WVU data can only be copied and pasted from one WVU-managed app into another. So, data can be copied from Teams and pasted into Outlook email or vice versa. But data cannot be copied from Teams and pasted into a text message. However, you can copy data from a text message and paste into a Teams message. Email attachments can be saved to SharePoint or OneDrive, but cannot be saved to your personal device.  
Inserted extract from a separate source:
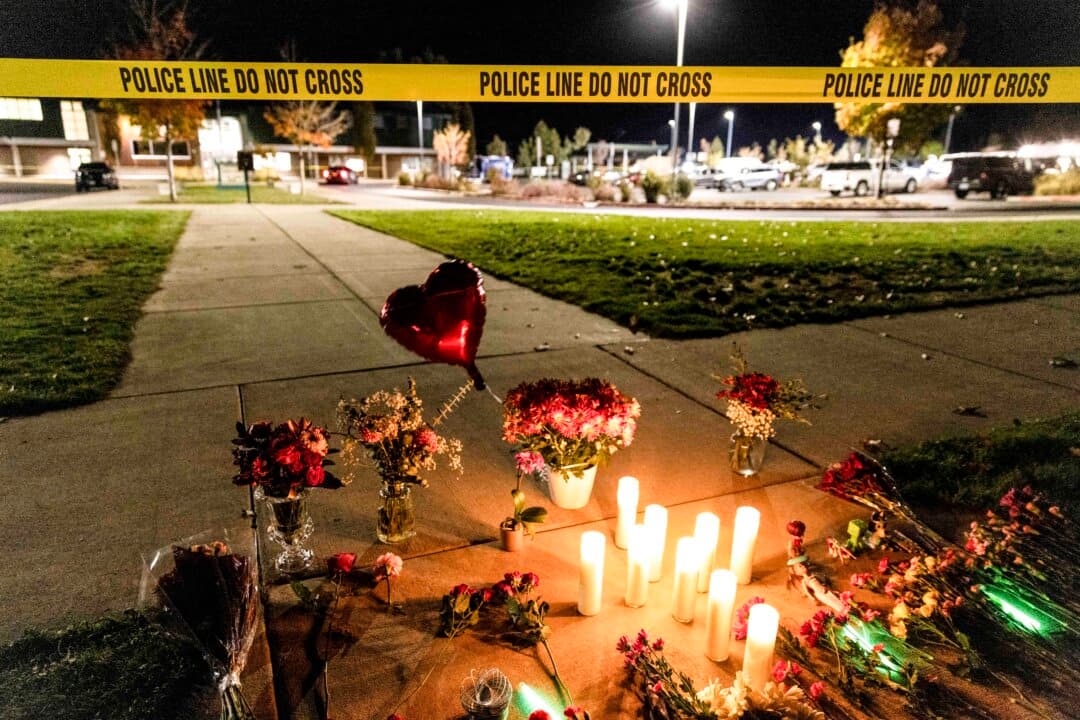 Candles and flowers at a makeshift memorial outside the Silver Rail Elementary School following a shooting in Bend, Ore., on Oct. 15, 2026. (Payton Bruni/AFP via Getty Images)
What do I do if I can’t open a file on my phone?

If you can’t open a protected file on your phone, try installing Microsoft’s Azure Information Protection (AIP) app.

• Install the AIP app on Android: After installing, select AIP Viewer when a file prompts you to select an app before opening.

• Install the AIP app on iOS: After installing, tap Share when prompted to select an app to open a file. Select Share file via then Copy to AIP Viewer.

How soon after an employee separates from WVU will their access to Microsoft services be blocked and the WVU data wiped from their personal device? 

Access to the Microsoft 365 mailbox and organizational data ends when the employee’s account is disabled. Former employees who can’t log in with WVU credentials and Duo two-factor authentication, cannot access WVU data. After 90 days, WVU data is wiped from the device.  

Who should I contact if there are any issues?  

If your college or department has its own IT support team, contact them first for help. If they cannot assist, or your unit is supported by Information Technology Services, call the Service Desk at 304-293-4444.